MIGS improves quality of life, clinical parameters
Minimally invasive glaucoma procedures are emerging as a safe and effective way to manage glaucoma. However, there has been limited evidence regarding the impact of these procedures on patients’ quality of life.
A new study explored the impact of minimally invasive glaucoma surgery (MIGS) combined with phacoemulsification and found it was associated with improved quality of life and clinical parameters related to the ocular surface in patients previously treated with anti-glaucoma therapy.
The retrospective observational study included 57 consecutive patients who underwent iStent combined with phacoemulsification with or without adjunctive endocyclophotocoagulation and were followed for 4 months.
Patients reported statistically significant improvements in their glaucoma-specific and general health scores.

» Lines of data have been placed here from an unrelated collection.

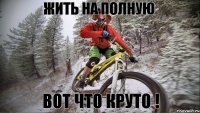 Жить на полную Вот что круто !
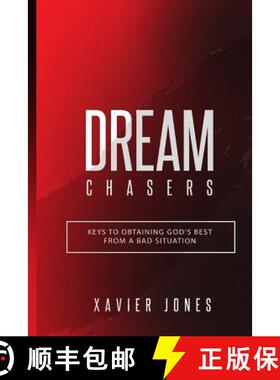 【3-4周达】Dream Chasers: Keys to Obtaining God's Best from a Bad Situation [9781942705468]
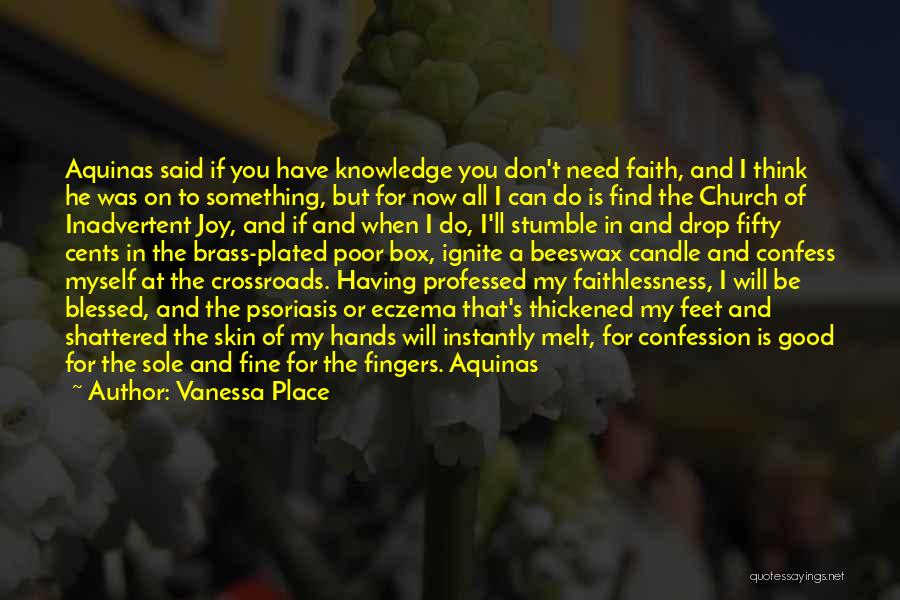 Vanessa Place Quotes: Aquinas Said If You Have Knowledge You Don't Need Faith, And I Think He Was On To Something, But For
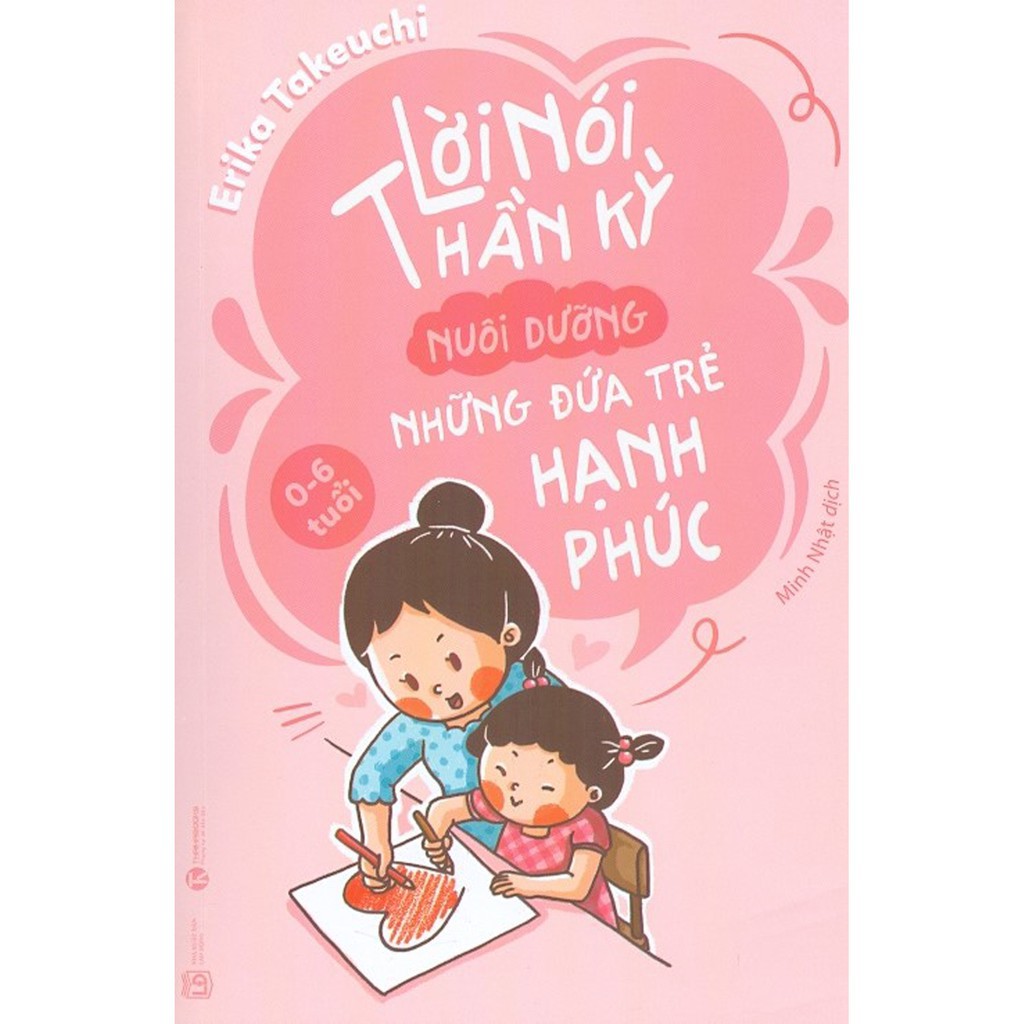 Sách - Lời Nói Thần Kỳ Nuôi Dưỡng Những Đứa Trẻ Hạnh Phúc [Thái Hà Books]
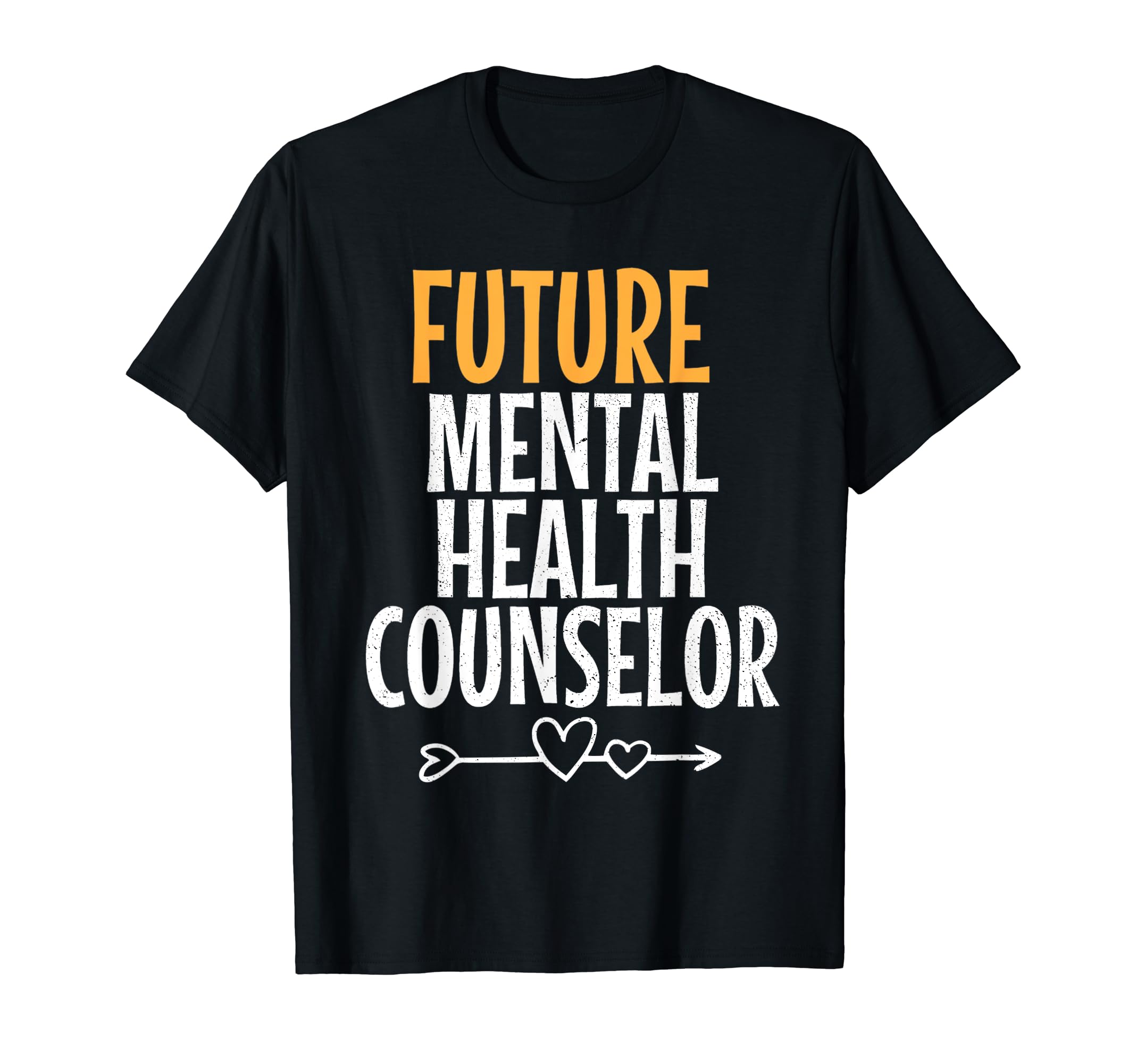 Future Mental Health Counselor T-Shirt - Casual Everyday Wear Men Women - T-Shirt, Sweatshirt, Hoodie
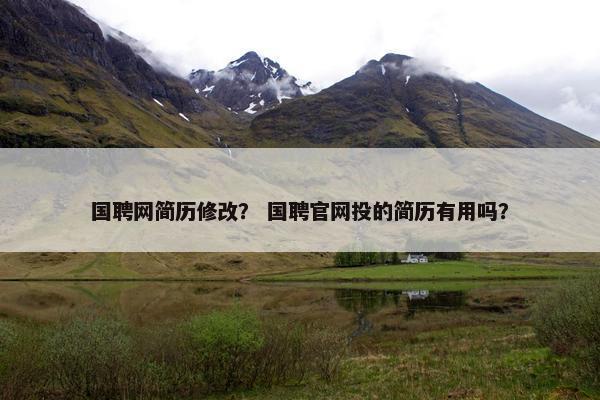 国聘网简历修改？ 国聘官网投的简历有用吗？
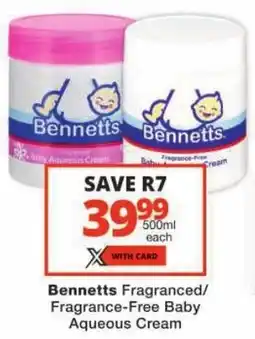 Checkers Bennetts Fragranced/ Fragrance-Free Baby Aqueous Cream offer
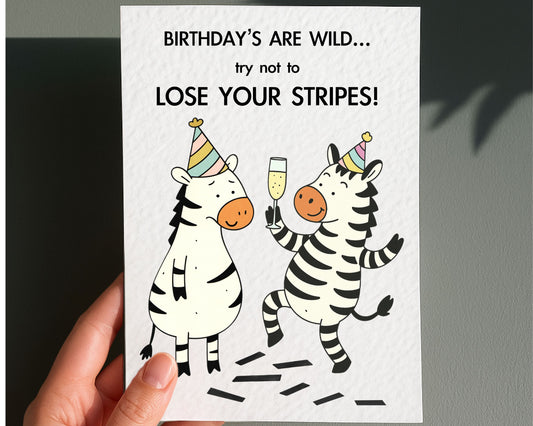 Funny Zebra Birthday Card: Try Not To Lose Your Stripes, Cute Greeting Card For Friend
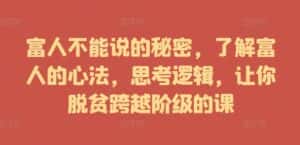 富人不能说的秘密,了解富人的心法,思考逻辑,让你脱贫跨越阶级的课-优优云创网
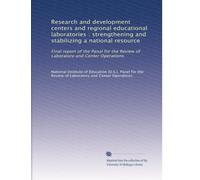 Research and development centers and regional educational laboratories : strengthening and stabilizing a national resource: Final report of the Panal for the Review of Laboratory and Center Operations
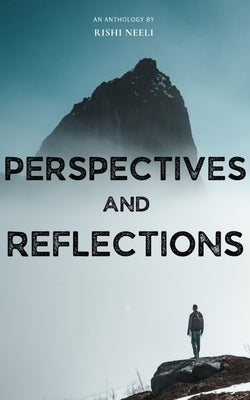 Perspectives and Reflections by Neeli, Rishi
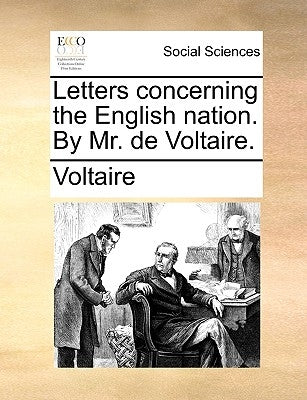 Letters Concerning the English Nation. by Mr. de Voltaire. by Voltaire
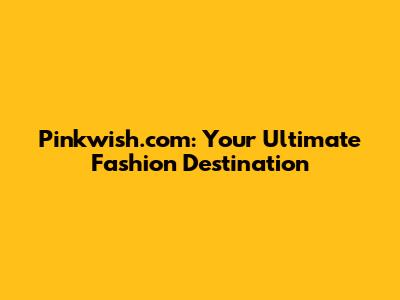 Pinkwish.com: Your Ultimate Fashion Destination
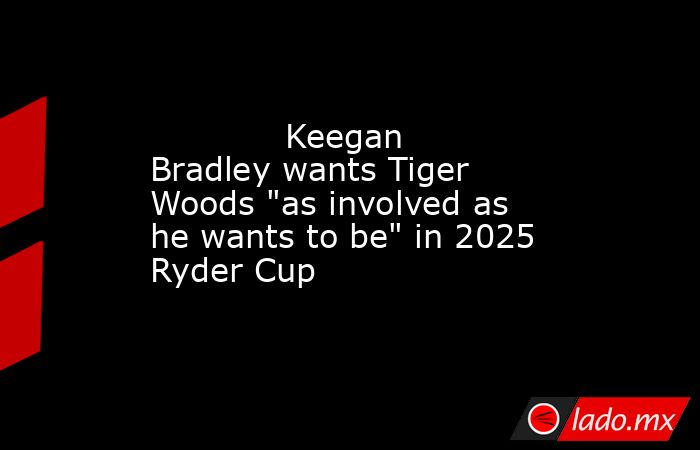             Keegan Bradley wants Tiger Woods 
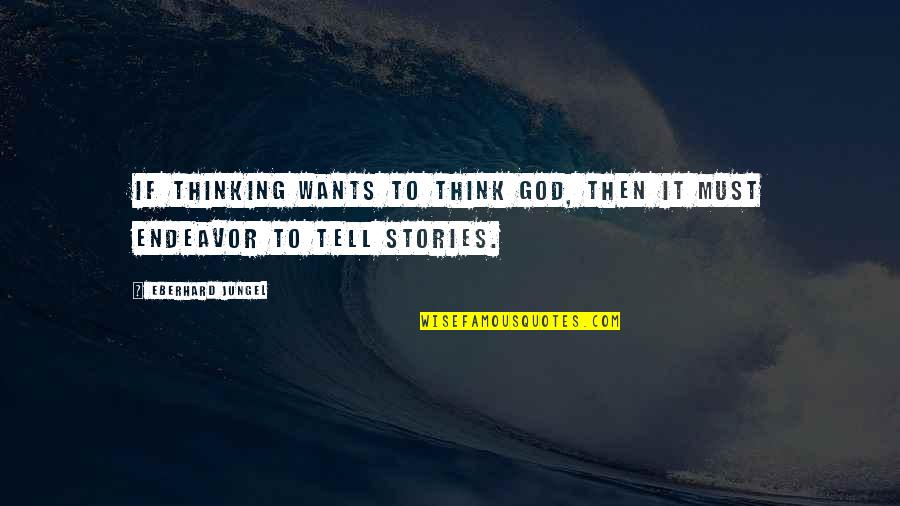 Dreadfullhippie Quotes By Eberhard Jungel: If thinking wants to think God, then it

Patients also experienced significant improvements in ocular surface PROMs, tear film break-up time, and corneal fluorescein staining.
In addition, patients required fewer eye drops on average after MIGS compared to before surgery.
Jones L, Maes N, Qidwai U, et al. Impact of minimally invasive glaucoma surgery on the ocular surface and quality of life in patients with glaucoma. Ther Adv Ophthalmol. 2023;15:25158414231152765. doi: 10.1177/25158414231152765. PMID: 37077654; PMCID: PMC10107052.